For the remaining 5 marbles in the sample, we need to choose them from the remaining marbles in the box (which includes the green and black marbles). There are 8 green marbles and 10 black marbles, totaling 18 marbles. So, we need to choose 5 marbles out of the remaining 18. This can be represented as 18 nCr 5.
Therefore, the number of samples containing exactly 7 red marbles is given by (8 nCr 7) * (18 nCr 5).
2. Case 2: Exactly 6 green marbles.
Similar to Case 1, we have 8 green marbles in the box, and we need to choose 6 of them, represented as 8 nCr 6.
For the remaining 6 marbles in the sample, we need to choose them from the remaining 18 marbles in the box.

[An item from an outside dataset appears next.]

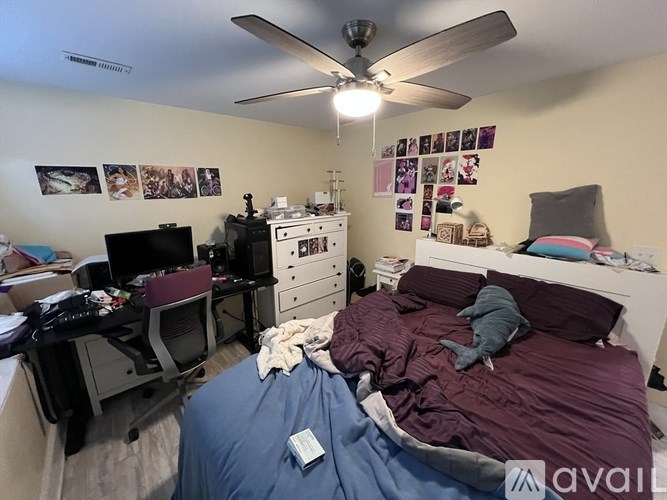 A bedroom with a bed, desk, and ceiling fan.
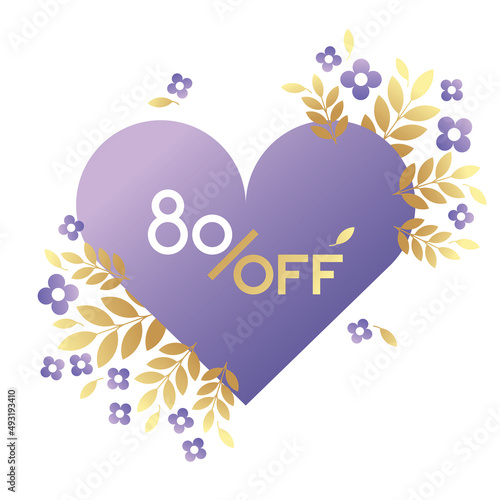 Sale promo marketing. Discount up to 80% off. Discount offer price label, symbol for advertising campaign in retail. Heart and plants. Isolated.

So, we choose 6 marbles out of the remaining 18, denoted as 18 nCr 6.
Therefore, the number of samples containing exactly 6 green marbles is given by (8 nCr 6) * (18 nCr 6).
Finally, to find the total number of samples containing either 7 red marbles or 6 green marbles, we add the results of both cases:
(8 nCr 7) * (18 nCr 5) + (8 nCr 6) * (18 nCr 6) = 588,336.